Constructed with then-fashionable monolithic cladding, the home in Strathmore Park, Wellington, had a registered valuation of more than $1.2 million when completed in 1994.
Within months, said Patrick, the house had started to leak around the windows and woodburner and through the cladding.
Its failure to get a Code of Compliance Certificate was just the start of her "hellish" experience.
She and her husband tried to get the house fixed, but nothing worked for long. Years of disputes with the builders and costly repairs followed.
"By the third time I had paid to fix a specific leak, I said: 'What the hell is going on here, this is insane'. It was like being in quicksand."
Patrick's marriage broke up. She and son Cameron moved out. She tried to rent the house but tenants complained about the leaks.
The house was transferred to a family trust. At one point, the trust's executors described it as "untenantable". One quote for repairs put the cost at $525,000.
Worse still, Miranda and Cameron became sick, she with cancer of the tongue and throat and he with unexplained illnesses that saw him hospitalised four times.
They were told just before Christmas 2006 that the house contained dangerous mould and they had to get out immediately.
At one point, they were living in a friend's garage.
"No one goes from a 325sq m house to a garage without good reason," Patrick says.
Last February, after mediation failed, she went to the Weathertight Homes Resolution Service to seek compensation from Wellington City Council, the builder and the window provider.
The case was deemed out of time and Patrick was ordered to pay $160,000 costs.
She appealed to the High Court, but, three weeks ago, heard the figure would be reduced by only $30,000. It was the last straw.
After a 14-year battle, she has accepted the house will probably be sold by the family trust to recoup some of the hundreds of thousands of dollars in losses.
"It's time to throw in the towel," she says. "This year's Christmas present is that we will lose the house as well."
Nobody knows exactly how many leaky buildings are in New Zealand. One of the leading experts on the crisis, Homeowners and Buyers Association president John Gray, reckons at least 80,000 homes could be affected.
He describes it as a "national disaster" and says there are no winners, except the lawyers.
The Sienna Terraces owners' committee is also employing law firm Grimshaw & Co - which had such a good 2008 it shouted staff a trip to Fiji - in its joint action against the council for signing off the development.
Patrick says a "no fault" solution is needed desperately. The "wasteful" Weathertight Homes Resolution Service set up by the last Government should be scrapped and the money spent on repairing shoddy homes.

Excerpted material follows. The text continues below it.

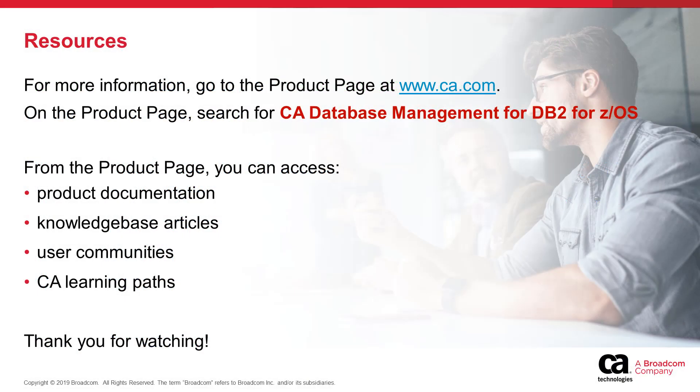For more information go to www.ca.com, select the products tab and search for CA database management for DB2 for z/OS. From there you can access the product documentation and all of our knowledge base articles. You can also interact with our communities and explore the CA learning paths. Thank you for watching.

The Government has said it favours that approach, but firm proposals have yet to emerge.
Building and Housing Department officials announced a "full evaluation" of the service when they briefed the new minister, Maurice Williamson, in December.
They said the service's objective of working to ensure the early repair of affected homes "is not being substantially achieved".
The results of the review are expected early this year, but that's likely to be too late for Patrick and others in her situation.
"I am really stressed, I can't sleep, I am expecting to lose this place," says Biddle. "This has been a nightmare for three years. I have even thought of stopping the mortgage, locking the door and disappearing."
Angry and disillusioned, Patrick is unable to work and contemplating leaving the country.
"I have gone from being rich to being unemployed. And for what? I built a house - that was the worst thing I did."